С позиции новой методологии мы в таком случае всякий раз имеем дело со смещением точки обзора — этот феномен уже был нами рассмотрен в предыдущих публикациях, здесь же для пущей ясности мы уподобим его первичному познающему центру, то есть той первичной единице нас, которая самым непосредственным образом осуществляет процесс познания нами. Точка обзора определяет, таким образом, самого познающего, возможности его познания, она определяет то, каким образом он преломляет познаваемое в собственных гносеологических структурах и проч., и проч.

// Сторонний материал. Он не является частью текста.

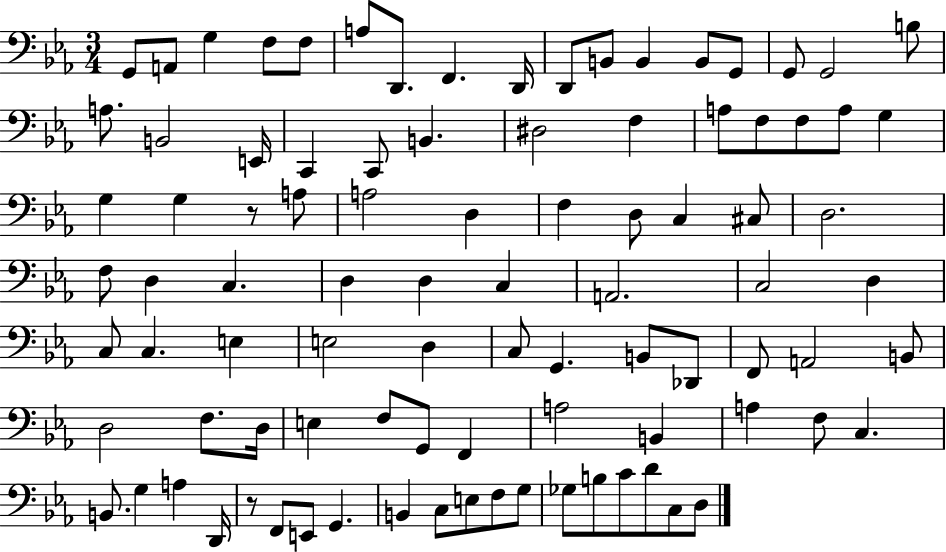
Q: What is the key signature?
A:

Если точка обзора находится в нас, то наше познание максимально достоверно, пусть хотя бы лишь для нас самих (ведь это мы сами познаем), поскольку невозможно себе даже представить более достоверного познания! Но кому как не психологам знать, насколько человеку свойственно смещать свою точку обзора и верить в то, что он знает, что другой человек чувствует, думает и т. п. А как человек любит давать советы! Советы — это то же самое смещение собственной точки обзора. Но что такое смещение точки обзора? Механизм, порождающий допущения, и только. Чтобы убедиться в этом, спросите себя: «Куда возможно сместить свою точку обзора?» — после чего станет понятно, что, сместившись, она становится ничем, так что сместить ее можно лишь в никуда. Вот вам и идеалы. Одними из самых сложных в психотерапевтическом смысле являются пациенты с ипохондрическими чертами —иногда создается впечатление, что их точка обзора утеряна безвозвратно. Смещена же она у таких пациентов, как правило, в гипотетическую болезнь. Ситуация поэтому здесь вдвойне сложная, поскольку мало того, что само смещение точки обзора начинает с умопомрачительной интенсивностью производить на свет идеалы («неблагоприятные прогнозы», «неэффективность лечения», «неквалифицированность врачей»), но и смещена она не куда-нибудь, а тоже в идеал (ведь «болезнь», которую выдумывает себе ипохондрик, тот же самый идеал)!
Ну и теперь следует сказать о главном.
Эйдос — это тонкое динамичное отношение процессов реальности, с одной стороны, и нашей познавательной способности, нашего познающего центра — с другой. Эйдос — живое отношение этих процессов: реальность постоянно убегает, словно отталкиваясь от нас, а мы словно постоянно нагоняем ее, но не успеваем дотронуться до беглянки, соединиться с ней, и она вновь оказывается уже на значительном удалении от нас. Если это отдаление оказывается критическим и возможность догнать ее с катастрофической скоростью уменьшается, то наше мышление в мгновение ока создает муляж этой реальности — идеал, пустую идею, «свято место пусто не бывает». Неосознанно мы очень боимся, что реальность покинет нас, мы не можем без нее, а разницы в том, истинна ли она (эта реальность) или иллюзорна, для сознания, как это ни парадоксально, нет! Идеал, таким образом, описывается некой экспоненциальной кривой, точнее, постдиссоционные процессы круто расходятся в разные стороны по соответствующим экспоненциальным кривым, не оставляя ни малейшего шанса на последующее воссоединение.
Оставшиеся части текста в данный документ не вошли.